Aim of the task
Retype the records below exactly. Leave nothing out.

━━━━━━━━━━━━━━━━━━━━━━━━━━━━━━

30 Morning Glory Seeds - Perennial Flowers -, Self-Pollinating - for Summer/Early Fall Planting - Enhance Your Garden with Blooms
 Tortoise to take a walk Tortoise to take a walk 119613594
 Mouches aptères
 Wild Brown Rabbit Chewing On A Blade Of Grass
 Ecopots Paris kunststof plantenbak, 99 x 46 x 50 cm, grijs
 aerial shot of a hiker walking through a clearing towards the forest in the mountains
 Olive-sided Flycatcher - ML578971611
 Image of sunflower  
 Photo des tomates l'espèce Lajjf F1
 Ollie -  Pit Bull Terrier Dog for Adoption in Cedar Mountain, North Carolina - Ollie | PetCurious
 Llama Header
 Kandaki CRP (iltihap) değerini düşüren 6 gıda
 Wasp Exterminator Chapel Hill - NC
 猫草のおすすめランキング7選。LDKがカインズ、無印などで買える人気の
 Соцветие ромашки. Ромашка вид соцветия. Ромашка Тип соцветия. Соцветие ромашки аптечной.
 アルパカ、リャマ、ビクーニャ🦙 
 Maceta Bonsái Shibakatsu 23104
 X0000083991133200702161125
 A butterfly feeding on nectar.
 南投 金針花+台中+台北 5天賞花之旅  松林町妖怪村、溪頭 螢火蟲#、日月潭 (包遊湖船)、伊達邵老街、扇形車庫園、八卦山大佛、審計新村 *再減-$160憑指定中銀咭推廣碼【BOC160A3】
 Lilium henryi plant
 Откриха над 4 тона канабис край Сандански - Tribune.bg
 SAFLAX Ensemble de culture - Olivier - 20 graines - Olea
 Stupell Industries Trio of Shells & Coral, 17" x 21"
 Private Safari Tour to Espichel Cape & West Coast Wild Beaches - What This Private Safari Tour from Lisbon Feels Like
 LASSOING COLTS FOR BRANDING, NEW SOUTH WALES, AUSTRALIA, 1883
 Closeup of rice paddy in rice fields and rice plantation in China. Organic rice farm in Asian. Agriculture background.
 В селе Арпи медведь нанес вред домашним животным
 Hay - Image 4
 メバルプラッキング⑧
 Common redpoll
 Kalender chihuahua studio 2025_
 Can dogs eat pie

━━━━━━━━━━━━━━━━━━━━━━━━━━━━━━

Output for this task
30 Morning Glory Seeds - Perennial Flowers -, Self-Pollinating - for Summer/Early Fall Planting - Enhance Your Garden with Blooms
 Tortoise to take a walk Tortoise to take a walk 119613594
 Mouches aptères
 Wild Brown Rabbit Chewing On A Blade Of Grass
 Ecopots Paris kunststof plantenbak, 99 x 46 x 50 cm, grijs
 aerial shot of a hiker walking through a clearing towards the forest in the mountains
 Olive-sided Flycatcher - ML578971611
 Image of sunflower  
 Photo des tomates l'espèce Lajjf F1
 Ollie -  Pit Bull Terrier Dog for Adoption in Cedar Mountain, North Carolina - Ollie | PetCurious
 Llama Header
 Kandaki CRP (iltihap) değerini düşüren 6 gıda
 Wasp Exterminator Chapel Hill - NC
 猫草のおすすめランキング7選。LDKがカインズ、無印などで買える人気の
 Соцветие ромашки. Ромашка вид соцветия. Ромашка Тип соцветия. Соцветие ромашки аптечной.
 アルパカ、リャマ、ビクーニャ🦙 
 Maceta Bonsái Shibakatsu 23104
 X0000083991133200702161125
 A butterfly feeding on nectar.
 南投 金針花+台中+台北 5天賞花之旅  松林町妖怪村、溪頭 螢火蟲#、日月潭 (包遊湖船)、伊達邵老街、扇形車庫園、八卦山大佛、審計新村 *再減-$160憑指定中銀咭推廣碼【BOC160A3】
 Lilium henryi plant
 Откриха над 4 тона канабис край Сандански - Tribune.bg
 SAFLAX Ensemble de culture - Olivier - 20 graines - Olea
 Stupell Industries Trio of Shells & Coral, 17" x 21"
 Private Safari Tour to Espichel Cape & West Coast Wild Beaches - What This Private Safari Tour from Lisbon Feels Like
 LASSOING COLTS FOR BRANDING, NEW SOUTH WALES, AUSTRALIA, 1883
 Closeup of rice paddy in rice fields and rice plantation in China. Organic rice farm in Asian. Agriculture background.
 В селе Арпи медведь нанес вред домашним животным
 Hay - Image 4
 メバルプラッキング⑧
 Common redpoll
 Kalender chihuahua studio 2025_
 Can dogs eat pie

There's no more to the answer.